As a kid, I used to confuse the artwork of Hannes Bok and Boris Artzybasheff. There’s a surface similarity, but when examined closer, Bok’s paintings and drawings exude a kind of Art Deco romance that Artzybasheff’s more cold and clever and satirical drawings never did. We can tell that one man was a sensitive, whimsical dreamer, and one an acerbic, distanced observer of humanity’s follies. That’s really two ends of the artistic spectrum, no matter a certain resonance of lines and shapes.

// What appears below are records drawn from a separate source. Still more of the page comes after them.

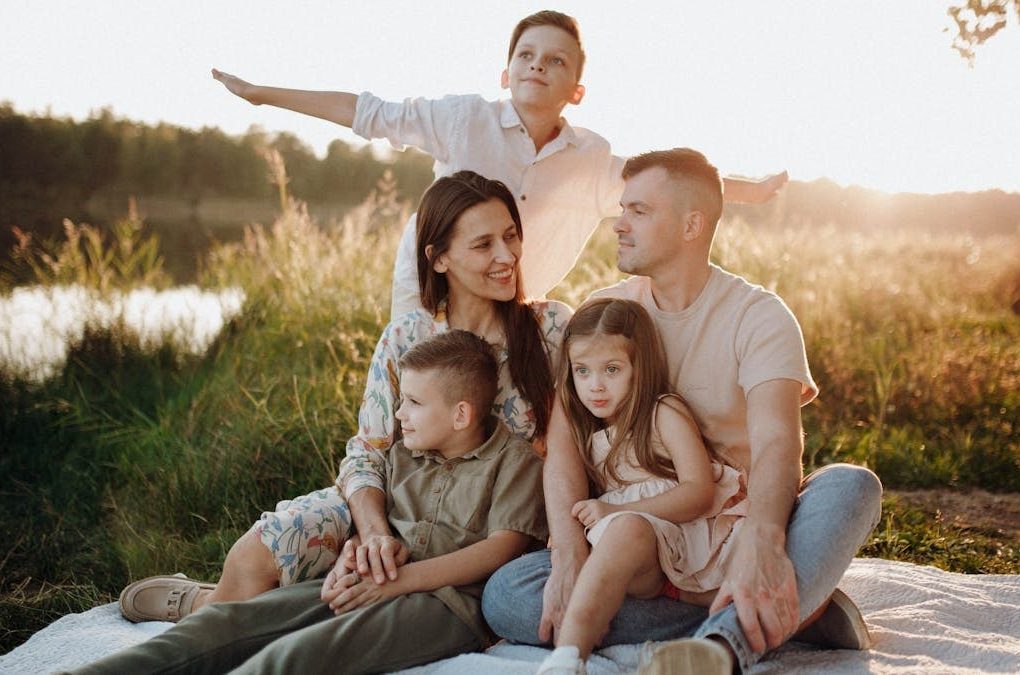 A family of five enjoying a serene picnic in a sunlit meadow during sunset.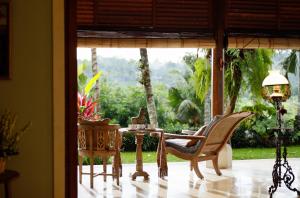 a porch with chairs and a table and a window at Villa Inka Ubud by Nakula in Ubud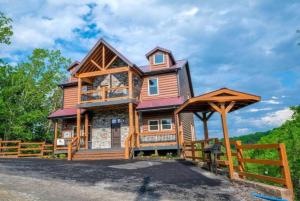 a large wooden house with a wooden fence at Majestic Pines Lodge in Sevierville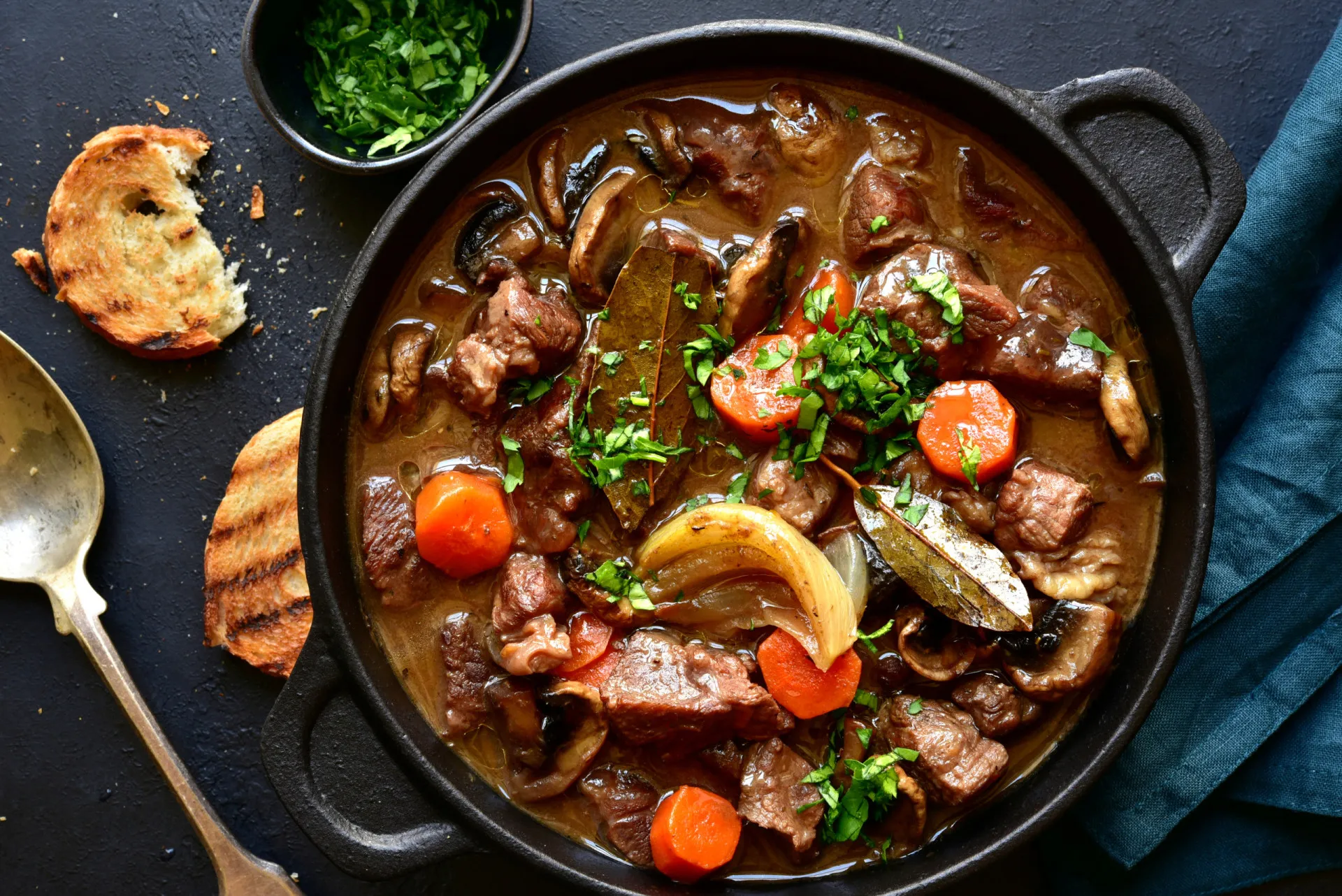 Tigela fumegante de sopa ou ensopado, com vegetais e carne.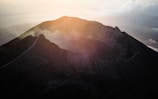 the sun shines on the top of a mountain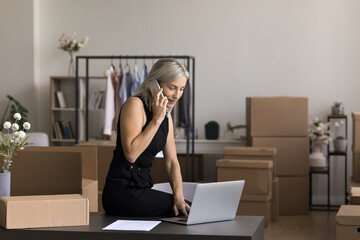 Busy older age boss online store owner take client order by phone discuss payment or delivery...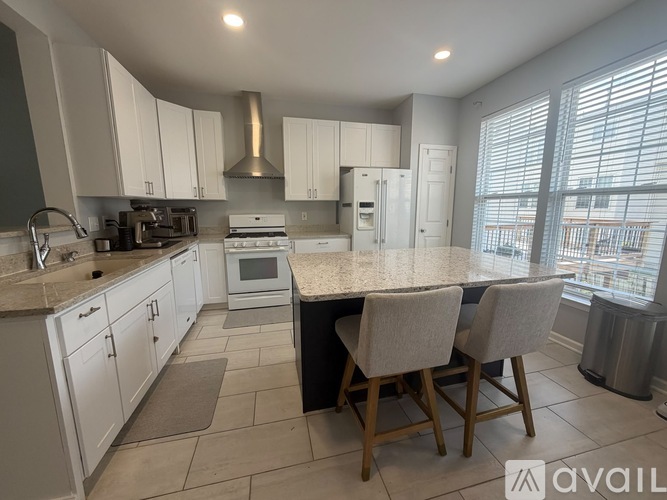 A kitchen with white cabinets and a large island with two chairs.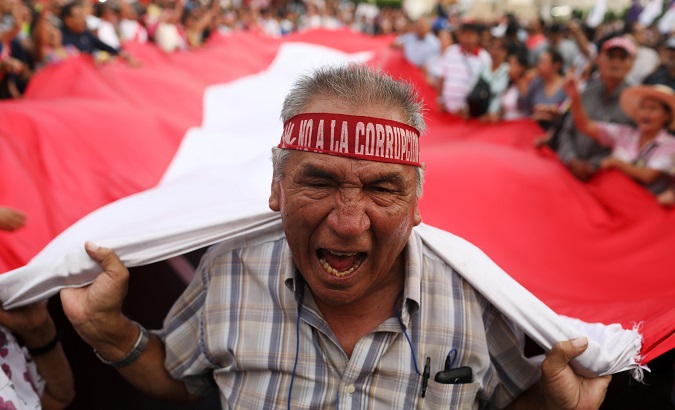 Protesters carry A Peruvian flag during anti-corruption protests in Lima.
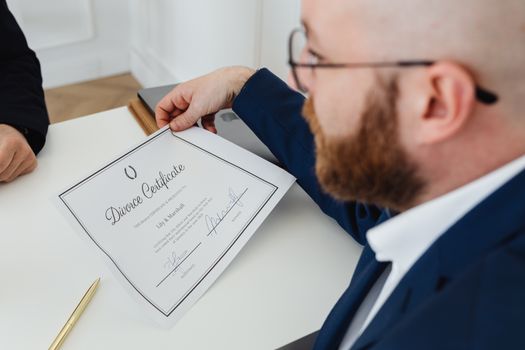 De ce Certificatul STCW nu Îți Garantează Automat Accesul la Carierele pe Mare în 2026 2 A man holding a divorce certificate in a formal office environment.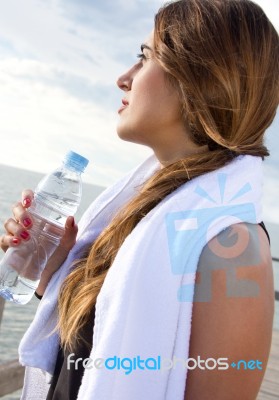 Woman Drinking Water After Sport Activities Stock Photo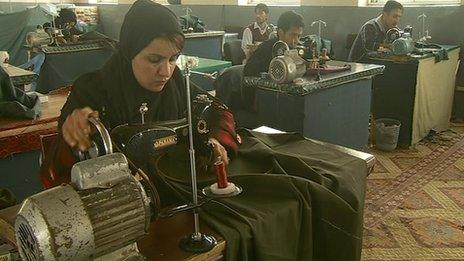 Women working with men in a textile factory near Kabul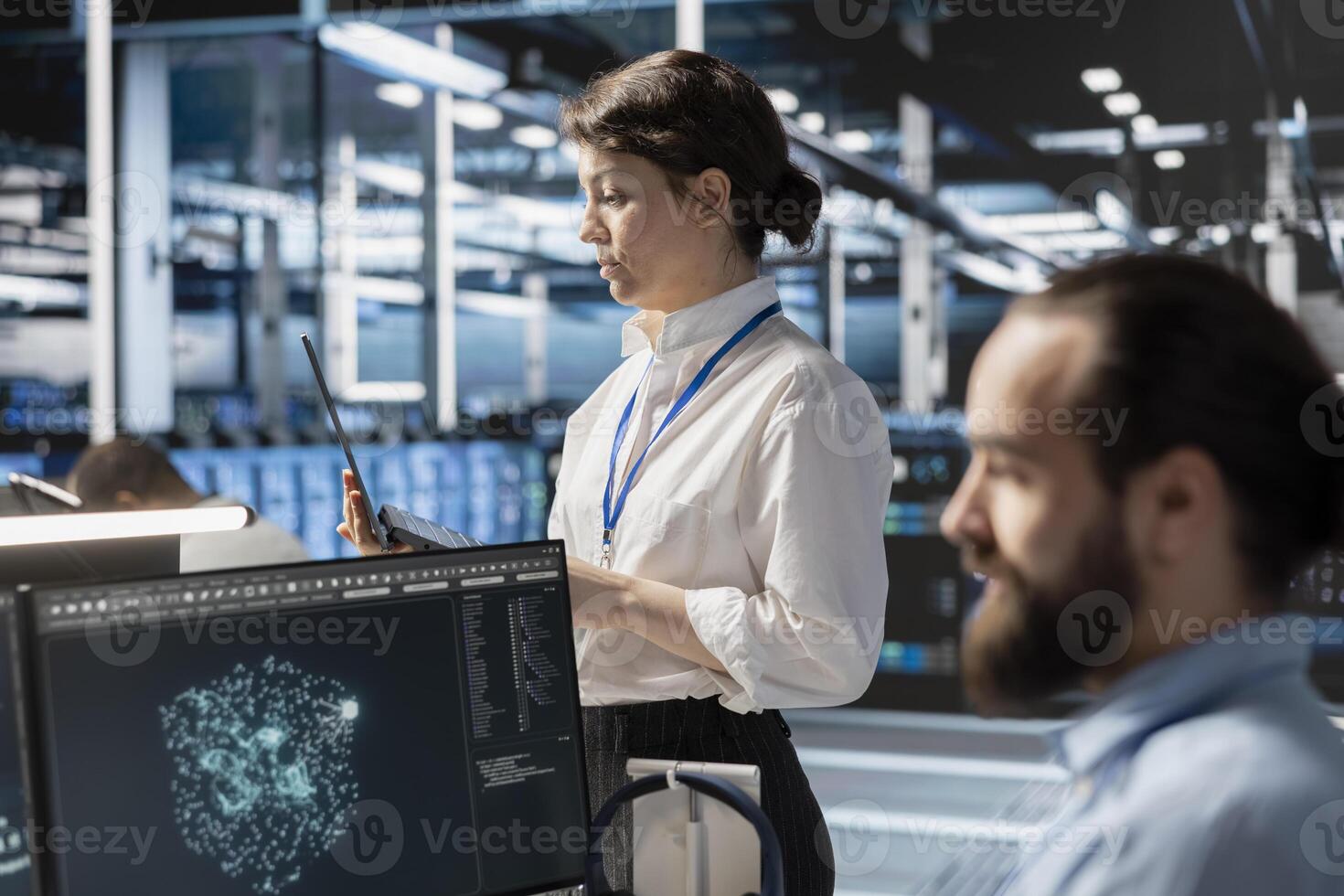 Admins using computer in data center office, managing server virtualization, running scripts. IT employees using programming language on PC in server room, finetuning network protocols photo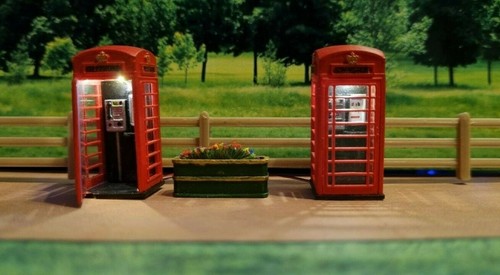 Two telephone boxes with - telephone,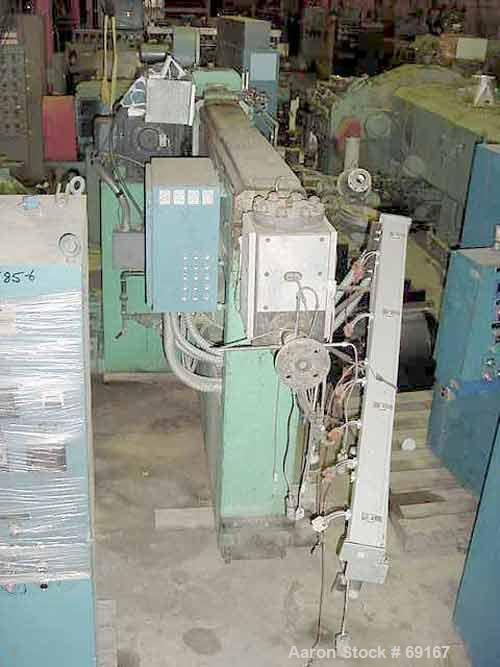 Used Gloucester 3-1/2" Single Screw Extruder, Model 233-001. Approximately 30 to 1 L/D ratio. Electrically heated, water cooled barrel. Driven by a 100 hp DC motor thru a gearbox, ratio 15.398 to 1. ...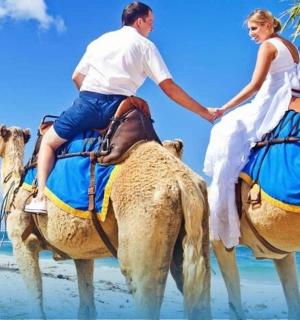 muž a žena jedoucí na velbloudech na pláži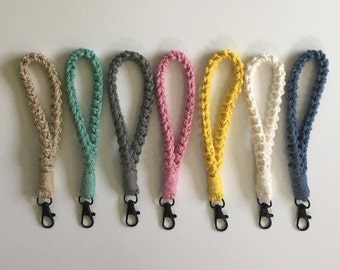 May include: A collection of seven braided wrist lanyards in various colors, including beige, teal, gray, pink, yellow, off-white, and blue. Each lanyard features a black metal clasp for attaching keys or other small items. The lanyards are arranged in a row against a white background.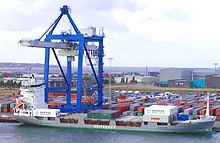 Ein Containerschiff wird im Hafen von Kopenhagen von einem Kran beladen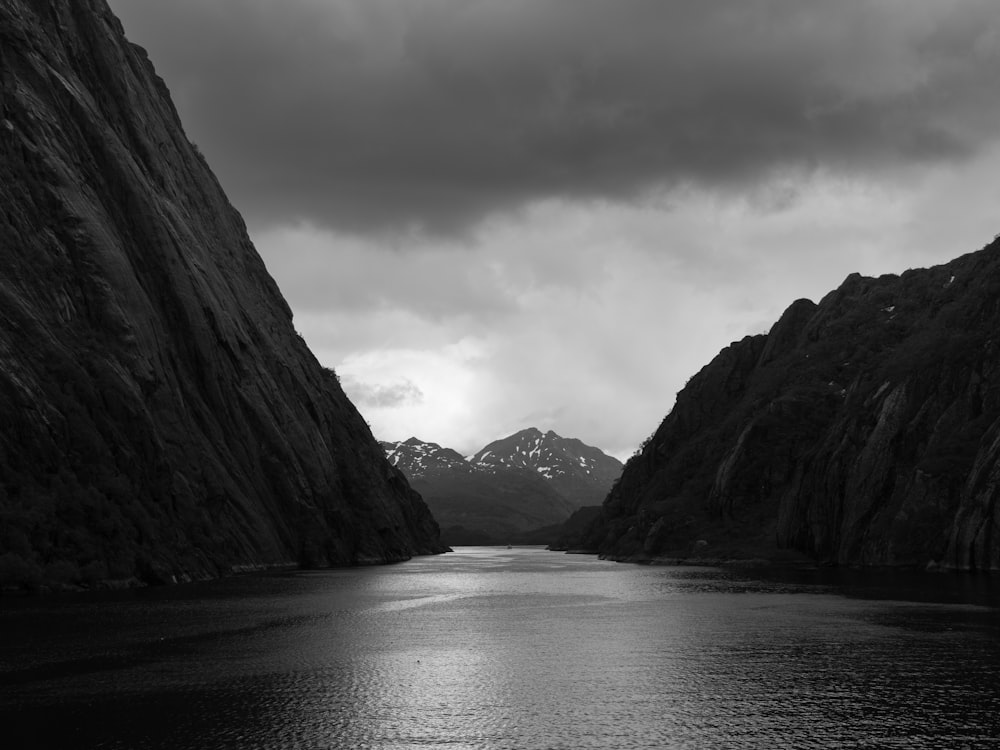 a body of water with mountains in the back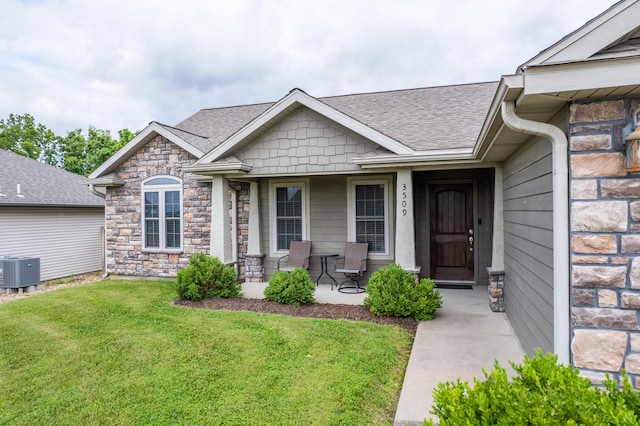 3509 Tuscany, Columbia, MO 65202 - doorway to property featuring a lawn, covered porch, stone siding, and a shingled roof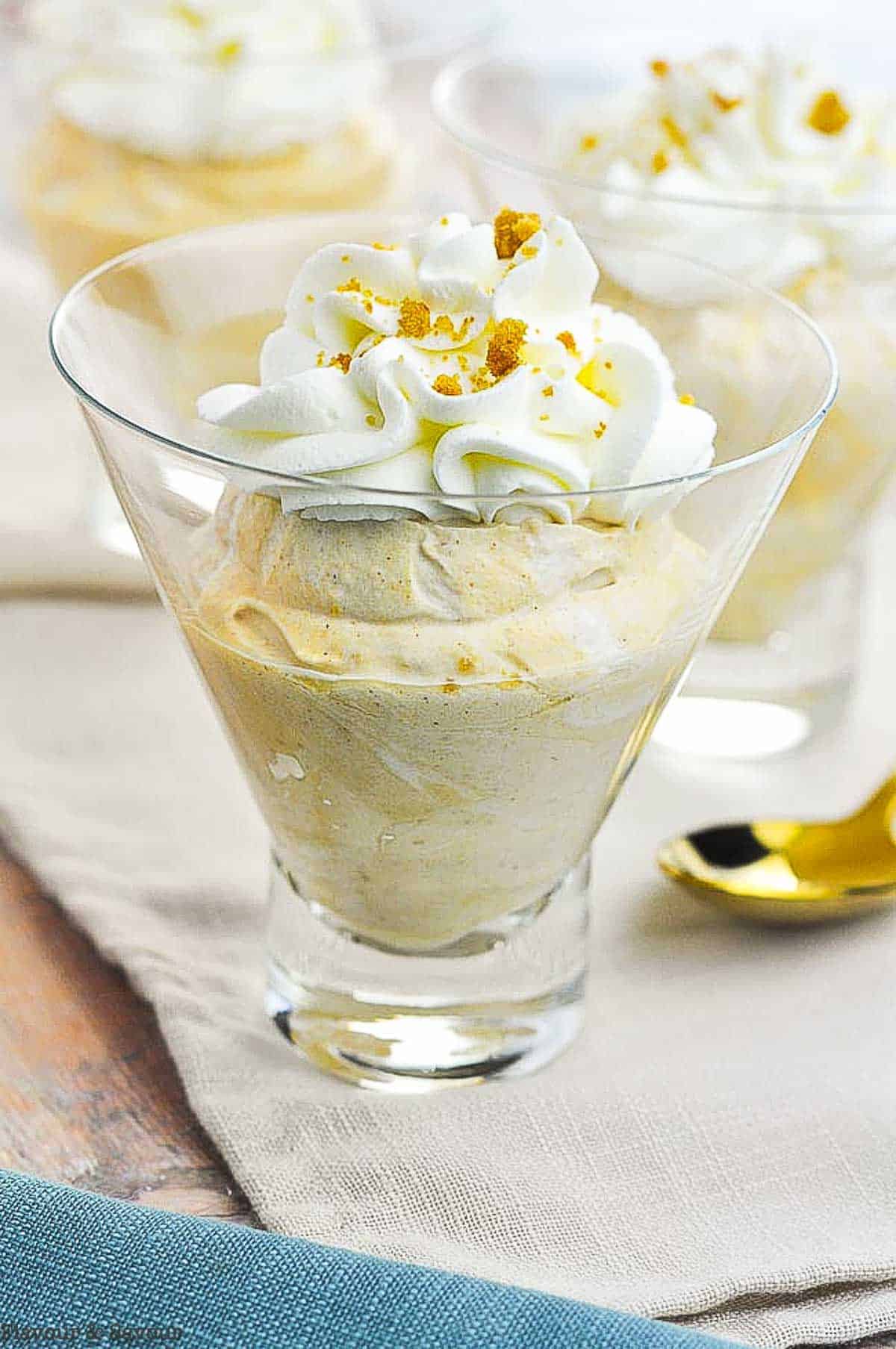 Pumpkin cheesecake in a dessert glass.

Hannes Bok (1914-1964) is certainly not a name on the lips of the average fan of fantastika these days. I just employed my valuable “Ronald Firbank” test on his name. What test is that? You simply google the name of cult writer “Ronald Firbank” and see how many hits he gets that day. That number represents the baseline unit of obscurity. Then check your second candidate’s name, and compare hits. Just now, roughly speaking, Firbank got 50,000 hits and Bok got 100,000. So Bok is not in the absolute bottom tier. But compared even to, say, “Clifford D. Simak” (350,000 hits), he’s low. And ranked against a well-remembered near-contemporary like “Robert E. Howard” (four million hits), he’s off the radar entirely.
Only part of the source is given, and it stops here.